Pulmonary Adverse Effects of RA Therapy
Pneumonitis is often a concern in patients using methotrexate to treat RA. But with low-dose therapy, only 3% of patients develop this complication after a mean treatment duration of 23 months (Chest 1996;109:933-8), Dr. Flaherty pointed out.
Anti–tumor necrosis factor agents such as infliximab have been associated with pulmonary adverse effects and complications, including infection, atypical presentation of tuberculosis, and pulmonary fibrosis.
Some research reports have also raised concern that anti-TNF agents may hasten progression of interstitial lung disease in patients with RA and thus increase mortality.
“The data on that are still out,” Dr. Flaherty said. Evidence thus far suggests that mortality in patients treated with these agents is similar to that in their counterparts treated with traditional disease-modifying antirheumatic drugs (Ann. Rheum. Dis. 2010;69:1086-91).
Rituximab has been linked to severe infections in patients with RA, the largest share of which (40%) are pulmonary (Arthritis Rheum. 2010;62:2625-32). Only a single infection was opportunistic, and most were bacterial.
Pulmonary Cancers
Patients with RA have increased risk of lung cancer (standardized incidence ratio, 1.63) as well as for another malignancy that can involve the lung, lymphoma (Arthritis Res. Ther. 2008;10:R45), as a result of their underlying disease, long-term immunosuppression, or both.

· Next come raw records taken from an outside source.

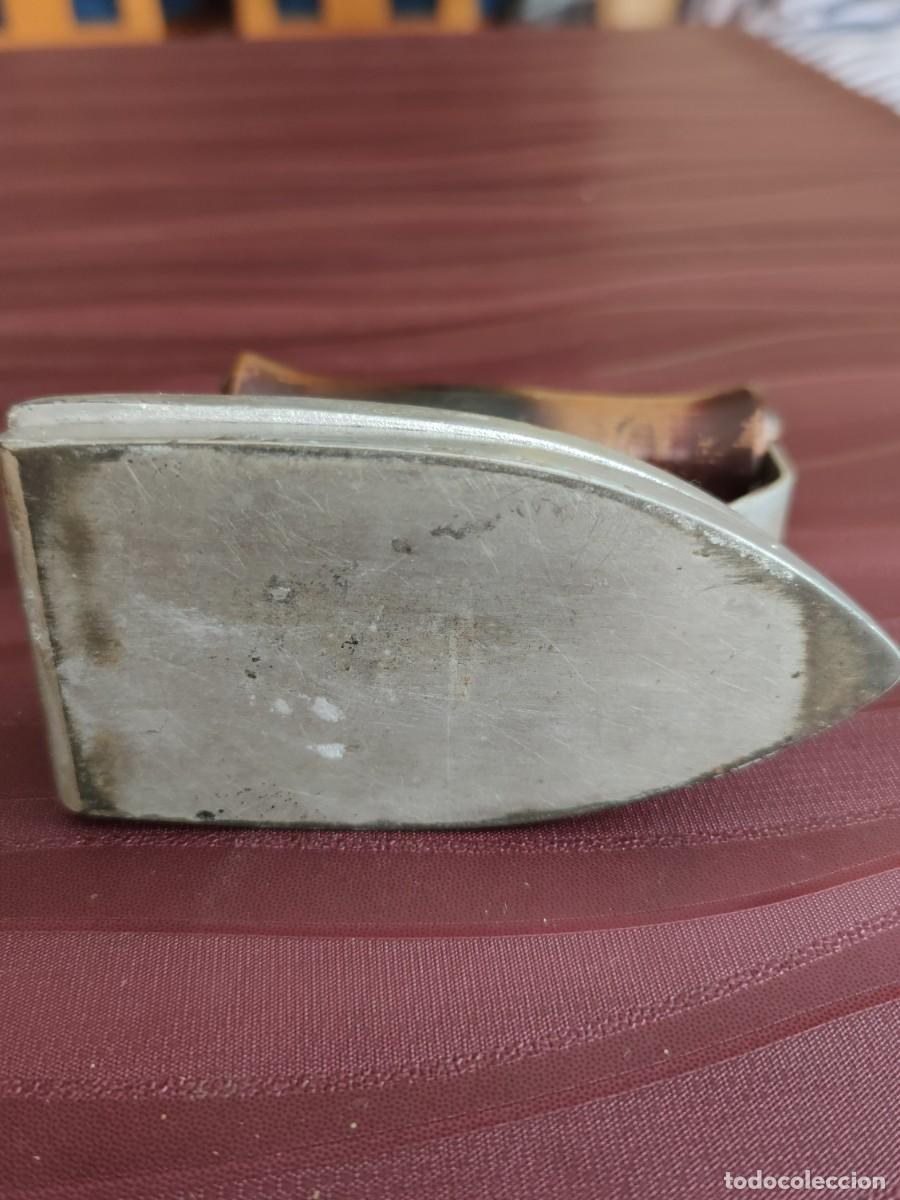 Antig&uuml;edades: Antigua Plancha Marca Edermann, Pesa Un kilo Doscientos. - Foto 9
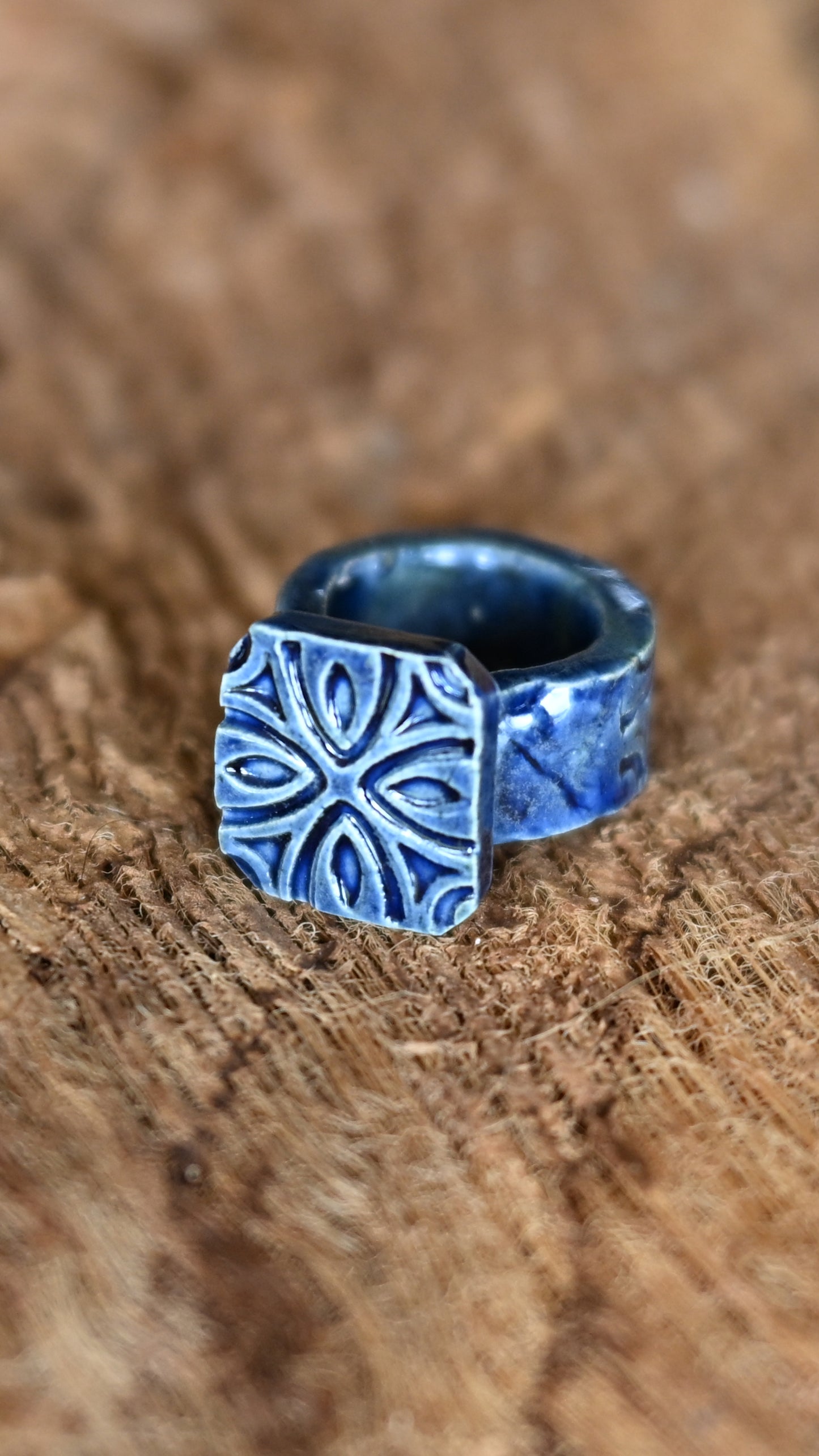RNG-FRS01ABL: Four Seasons Square Ceramic Ring
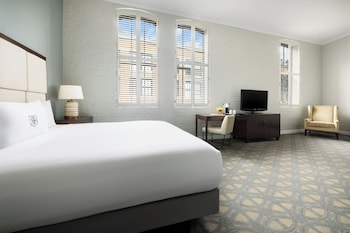 Executive Room, 1 King Bed (Premier)
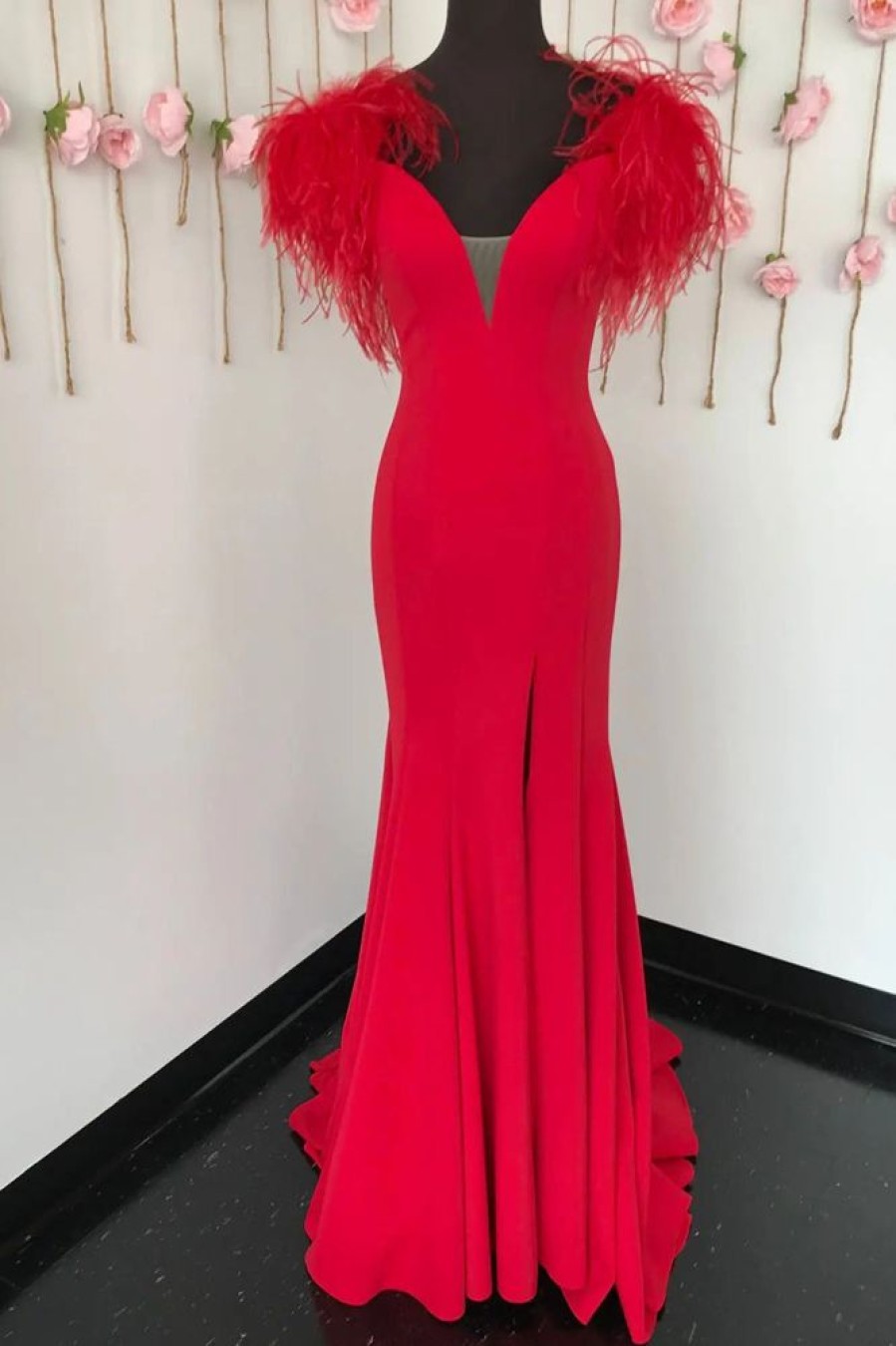 Homrain Mermaid Long Prom Dress With Feathers | Red Prom Dresses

Treatment with biologic agents has not been associated with a significantly elevated risk of lung cancer among patients with RA, according to Dr. Flaherty.
But treatment with methotrexate has, with the incidence of lung cancer among methotrexate users about triple that of the general population (Arthritis Rheum. 2008;59:794-9).
Users of this drug also have sharply increased rates of non-Hodgkin's lymphoma and melanoma.
Dr. Flaherty did not report any disclosures.